2. Aus der wiedergegebenen Begründung des Zulassungsausspruchs des Berufungsgerichts, auf welche sich auch die Revisionswerber für die Zulässigkeit ihrer Rechtsmittel stützen, folgen die Voraussetzungen des § 502 Abs 1 ZPO ebenfalls nicht. Richtig ist, dass der Entscheidung 7 Ob 561/95 (= SZ 68/198) ein Sachverhalt zugrunde lag, nach dem lediglich eine Liegenschaftshälfte übertragen worden war. Insoweit ist allerdings hervorzuheben, dass auch hier nur die Schenkungsanrechnung betreffend einer Liegenschaftshälfte zu beurteilen war, im Notariatsakt überhaupt nur auf das Liegenschaftsvermögen des Erblassers Bezug genommen wurde, sonstige Vermögenswerte auch jene der Beklagten unerwähnt blieben, nach dem Altersunterschied zwischen den Ehegatten von 39 Jahren ein Überleben des Mannes nach menschlichem Ermessen nicht zu erwarten war und nach den getroffenen von den Rechtsmittelwerbern weiterhin konsequent negierten erstgerichtlichen Feststellungen mit der Vermögensübertragung durch den zu beurteilenden Vertrag gerade die Pflichtteilsverkürzung der Klägerin beabsichtigt war. In der wesentlichen vertraglichen Zielsetzung einer einseitigen Vermögensverschiebung betreffend die fragliche Liegenschaft besteht daher kein entscheidungswesentlicher Unterschied zu besagter Vorentscheidung.
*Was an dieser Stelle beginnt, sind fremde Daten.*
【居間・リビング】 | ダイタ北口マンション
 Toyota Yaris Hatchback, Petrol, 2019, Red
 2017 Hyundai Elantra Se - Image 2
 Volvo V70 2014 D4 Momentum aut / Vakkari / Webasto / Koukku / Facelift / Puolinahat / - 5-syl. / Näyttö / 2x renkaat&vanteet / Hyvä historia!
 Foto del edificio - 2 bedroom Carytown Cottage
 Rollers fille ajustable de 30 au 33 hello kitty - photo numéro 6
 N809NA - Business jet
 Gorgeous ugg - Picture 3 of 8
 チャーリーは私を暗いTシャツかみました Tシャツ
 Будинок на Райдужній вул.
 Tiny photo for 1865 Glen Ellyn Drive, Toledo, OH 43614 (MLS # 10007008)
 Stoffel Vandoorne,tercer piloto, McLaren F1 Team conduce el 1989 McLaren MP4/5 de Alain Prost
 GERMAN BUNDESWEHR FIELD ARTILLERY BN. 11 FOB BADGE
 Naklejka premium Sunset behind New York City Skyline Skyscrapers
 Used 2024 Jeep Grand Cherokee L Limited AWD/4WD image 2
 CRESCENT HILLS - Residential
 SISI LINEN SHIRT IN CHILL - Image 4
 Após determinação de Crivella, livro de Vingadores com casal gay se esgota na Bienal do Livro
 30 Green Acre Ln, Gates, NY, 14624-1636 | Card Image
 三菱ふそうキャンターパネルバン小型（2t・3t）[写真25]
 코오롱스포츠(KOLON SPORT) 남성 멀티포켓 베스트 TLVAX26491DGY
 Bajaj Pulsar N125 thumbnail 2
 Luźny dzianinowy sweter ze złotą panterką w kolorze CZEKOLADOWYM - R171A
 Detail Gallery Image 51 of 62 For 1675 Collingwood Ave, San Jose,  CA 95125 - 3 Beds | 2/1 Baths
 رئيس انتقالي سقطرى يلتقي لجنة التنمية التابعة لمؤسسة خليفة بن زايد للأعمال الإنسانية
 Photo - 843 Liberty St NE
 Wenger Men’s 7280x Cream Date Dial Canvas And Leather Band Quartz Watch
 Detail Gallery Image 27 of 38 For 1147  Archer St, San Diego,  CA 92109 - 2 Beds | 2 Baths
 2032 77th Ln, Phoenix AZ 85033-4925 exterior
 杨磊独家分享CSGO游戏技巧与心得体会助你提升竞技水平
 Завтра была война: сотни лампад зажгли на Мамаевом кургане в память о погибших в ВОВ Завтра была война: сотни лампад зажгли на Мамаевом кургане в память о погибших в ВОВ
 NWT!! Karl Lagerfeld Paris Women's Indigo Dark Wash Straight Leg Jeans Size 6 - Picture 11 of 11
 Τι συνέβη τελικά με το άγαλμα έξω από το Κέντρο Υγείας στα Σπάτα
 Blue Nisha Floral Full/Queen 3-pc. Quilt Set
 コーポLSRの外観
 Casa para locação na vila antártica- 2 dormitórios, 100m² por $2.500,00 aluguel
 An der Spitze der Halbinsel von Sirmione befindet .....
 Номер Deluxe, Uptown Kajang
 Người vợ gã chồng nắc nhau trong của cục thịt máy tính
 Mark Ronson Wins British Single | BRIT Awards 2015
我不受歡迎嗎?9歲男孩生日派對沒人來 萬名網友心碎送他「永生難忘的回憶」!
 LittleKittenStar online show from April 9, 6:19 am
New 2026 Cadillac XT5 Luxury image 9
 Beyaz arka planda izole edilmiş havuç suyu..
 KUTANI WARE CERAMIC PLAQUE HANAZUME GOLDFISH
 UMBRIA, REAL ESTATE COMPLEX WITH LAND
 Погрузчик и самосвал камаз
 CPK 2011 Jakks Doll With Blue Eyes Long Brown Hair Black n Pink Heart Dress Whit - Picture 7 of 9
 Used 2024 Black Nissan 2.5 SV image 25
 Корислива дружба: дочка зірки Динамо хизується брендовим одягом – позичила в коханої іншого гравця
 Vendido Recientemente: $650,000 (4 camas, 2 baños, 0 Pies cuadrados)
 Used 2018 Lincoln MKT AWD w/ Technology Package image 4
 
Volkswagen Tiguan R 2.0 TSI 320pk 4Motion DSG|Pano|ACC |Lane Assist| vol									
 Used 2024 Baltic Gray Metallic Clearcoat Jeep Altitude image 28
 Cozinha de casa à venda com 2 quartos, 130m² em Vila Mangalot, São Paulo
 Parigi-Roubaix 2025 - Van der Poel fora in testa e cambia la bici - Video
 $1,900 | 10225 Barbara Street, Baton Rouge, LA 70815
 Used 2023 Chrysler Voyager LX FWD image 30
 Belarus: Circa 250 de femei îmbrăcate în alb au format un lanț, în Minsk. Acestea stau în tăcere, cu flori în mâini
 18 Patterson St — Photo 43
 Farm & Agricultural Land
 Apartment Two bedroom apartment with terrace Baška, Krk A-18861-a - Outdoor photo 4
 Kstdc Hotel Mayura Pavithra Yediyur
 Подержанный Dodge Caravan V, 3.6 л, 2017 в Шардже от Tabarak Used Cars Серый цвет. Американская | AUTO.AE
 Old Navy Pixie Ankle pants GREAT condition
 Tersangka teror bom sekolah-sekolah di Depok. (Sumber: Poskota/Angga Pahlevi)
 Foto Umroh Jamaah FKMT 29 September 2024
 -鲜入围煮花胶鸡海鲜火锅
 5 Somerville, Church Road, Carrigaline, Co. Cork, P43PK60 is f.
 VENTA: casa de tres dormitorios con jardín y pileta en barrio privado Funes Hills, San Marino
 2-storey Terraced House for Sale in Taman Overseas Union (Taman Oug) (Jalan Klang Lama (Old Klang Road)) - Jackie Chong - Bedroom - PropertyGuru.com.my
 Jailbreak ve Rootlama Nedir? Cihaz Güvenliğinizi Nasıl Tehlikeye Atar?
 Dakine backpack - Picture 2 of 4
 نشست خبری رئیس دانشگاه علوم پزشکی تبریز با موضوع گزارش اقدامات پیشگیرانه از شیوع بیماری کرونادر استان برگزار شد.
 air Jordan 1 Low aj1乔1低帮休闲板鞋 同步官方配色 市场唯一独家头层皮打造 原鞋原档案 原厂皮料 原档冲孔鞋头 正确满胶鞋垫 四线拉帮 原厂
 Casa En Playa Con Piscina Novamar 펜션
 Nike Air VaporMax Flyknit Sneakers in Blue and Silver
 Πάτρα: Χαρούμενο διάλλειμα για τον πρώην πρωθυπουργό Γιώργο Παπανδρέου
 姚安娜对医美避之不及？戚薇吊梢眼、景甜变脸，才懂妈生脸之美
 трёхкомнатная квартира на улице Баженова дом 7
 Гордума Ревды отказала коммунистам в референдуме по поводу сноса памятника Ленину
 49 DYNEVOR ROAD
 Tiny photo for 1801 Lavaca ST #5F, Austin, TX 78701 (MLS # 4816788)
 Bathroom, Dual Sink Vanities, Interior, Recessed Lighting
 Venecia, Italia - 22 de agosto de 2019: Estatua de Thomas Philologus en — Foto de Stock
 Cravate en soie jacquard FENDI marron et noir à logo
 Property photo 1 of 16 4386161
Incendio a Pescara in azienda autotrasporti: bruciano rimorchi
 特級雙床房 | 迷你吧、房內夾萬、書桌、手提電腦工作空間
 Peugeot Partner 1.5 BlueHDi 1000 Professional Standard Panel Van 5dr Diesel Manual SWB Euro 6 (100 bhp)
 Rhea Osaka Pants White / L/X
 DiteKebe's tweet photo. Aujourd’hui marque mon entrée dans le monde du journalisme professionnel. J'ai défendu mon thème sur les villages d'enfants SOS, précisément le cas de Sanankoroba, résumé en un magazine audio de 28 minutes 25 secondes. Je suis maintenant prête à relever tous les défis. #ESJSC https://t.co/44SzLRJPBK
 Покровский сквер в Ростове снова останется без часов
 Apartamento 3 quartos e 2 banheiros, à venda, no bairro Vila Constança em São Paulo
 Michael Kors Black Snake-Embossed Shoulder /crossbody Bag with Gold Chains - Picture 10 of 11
3. Die Beklagte sieht letztlich noch eine Verkennung der Rechtslage darin, dass die Vorinstanzen für den Fall der Annahme einer unentgeltlichen Vermögenszuwendung eine dafür bestandene sittliche Pflicht des Erblassers verneint haben. Das Vorliegen einer fehlenden „sittlichen Pflicht“ des Erblassers haben die Vorinstanzen jedoch auf der Grundlage des festgestellten Sachverhalts ebenfalls vertretbar verneint, stand diese doch auch subjektiv nach dem Verständnis der Parteien und entgegen der Sachlage in der von der Beklagten bezogenen Entscheidung 7 Ob 102/72 JBl 1973, 32 (krit F. Bydlinski ) „die Versorgung der Beklagten (...) nicht im Vordergrund“.
4.1. Mangels Vorliegens der Voraussetzungen des § 502 Abs 1 ZPO sind die Revisionen daher unzulässig und deshalb zurückzuweisen.
4.2. Die Kostenentscheidung gründet auf §§ 41, 50 ZPO. Die Klägerin hat auf die Unzulässigkeit des Rechtsmittels hingewiesen (RIS Justiz RS0035979).